More than six years after ISIS terrorists took over their ancestral homes in Sinjar to the north of Iraq, hundreds of Yazidi families are once again facing another round of displacement, following a fire that erupted in the camp they have been living in for years.
The cause of the fire is unknown and firefighters are still working to extinguish the blaze. pic.twitter.com/DWRfHaofwG— Kurdistan 24 English (@K24English) June 4, 2021
On Friday afternoon, a fire erupted in a camp where hundreds of Yazidi families have been living since they were first displaced in 2014 near the Duhok province in Kurdistan's region.
Online, many videos have been shared showing the damage caused by the fire, especially that residents reported delay in extinguishing efforts, even though the fire in the Sharya camp is not the first of its kind.
Devastated to see #Yazidi families lose 450+ shelters to a fire in #Sharya Camp. Camp conditions threaten the lives of displaced Yazidis every day. This is unacceptable. Let us send tangible support, not sympathy, to affected families. pic.twitter.com/0Rrl4huws5— Nadia Murad (@NadiaMuradBasee) June 4, 2021
Besides the pain of seeing more than 400 tents destroyed during the incident, residents of the Sharya camp have complained to local reporters that authorities are not putting in the needed work or effort to stop similar accidents in the future.
Tweets have also been highlighting the need for organized campaigns that can help the Yazidi community amid the increasing difficulty of life.

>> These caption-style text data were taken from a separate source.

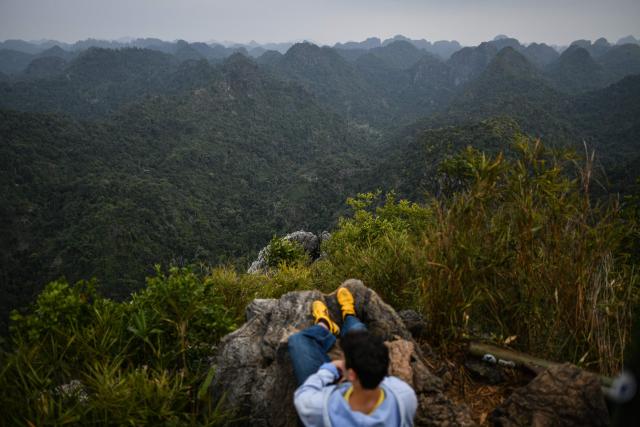 A tourist enjoying the view on limestone mountains as seen from the Ngu Lam peak in Cat Ba national park on February 17, 2026. (Photo by Amaury PAUL / AFP)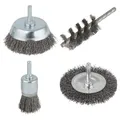 Drahtbürsten Set 4-tlg. wolfcraft für Bohrmaschine, Stahldraht, Reinigung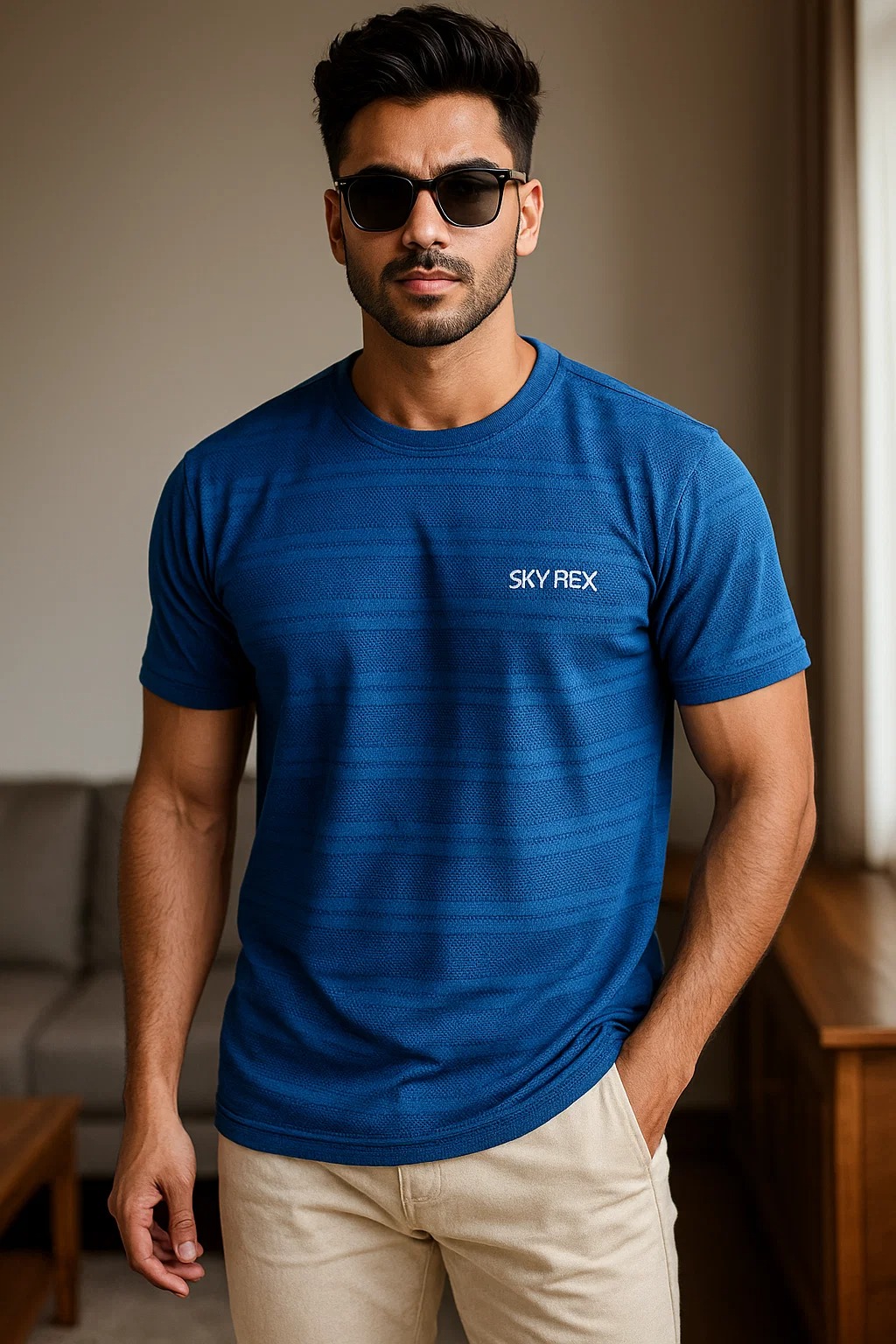 SKYREX MENS DOTTED NAVY BLUE ROUND NECK T-SHIRTS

@Khalsa_Aid is supporting 100s of Yezidi families who have lost everything in the fire in #Sharya Camp by providing breakfast, lunch and dinner until they return back to their shelters. @JccKrg @KRG_UK pic.twitter.com/2piV0iC80J— Sozan Fahmi 🌻 (@FahmiSozan) June 6, 2021
Yazidis are held hostage in displacement camps by the political disputes between Baghdad, Erbil & armed groups that impede safe & sustainable return migration to #Sinjar. Today’s fires show, once again, the injustice of ill governance & inaction. Yazidis always pay the price.— Nadia Murad (@NadiaMuradBasee) June 4, 2021
Well-known Yazidi activists have been using their social media platforms to spread the word and mobilize support from across the world, including the Nobel Peace Prize laureate Nadia Murad who lives in Germany.
Murad has also accused the local governments in Baghdad and Erbil of neglecting the Yazidi plight.
A report issued last week by Human Rights Watch has concluded that camp closures in Iraq are harming the internally displaced population, especially amid "inadequate plans" provided by the Iraqi government to support thousands of the country's displaced communities.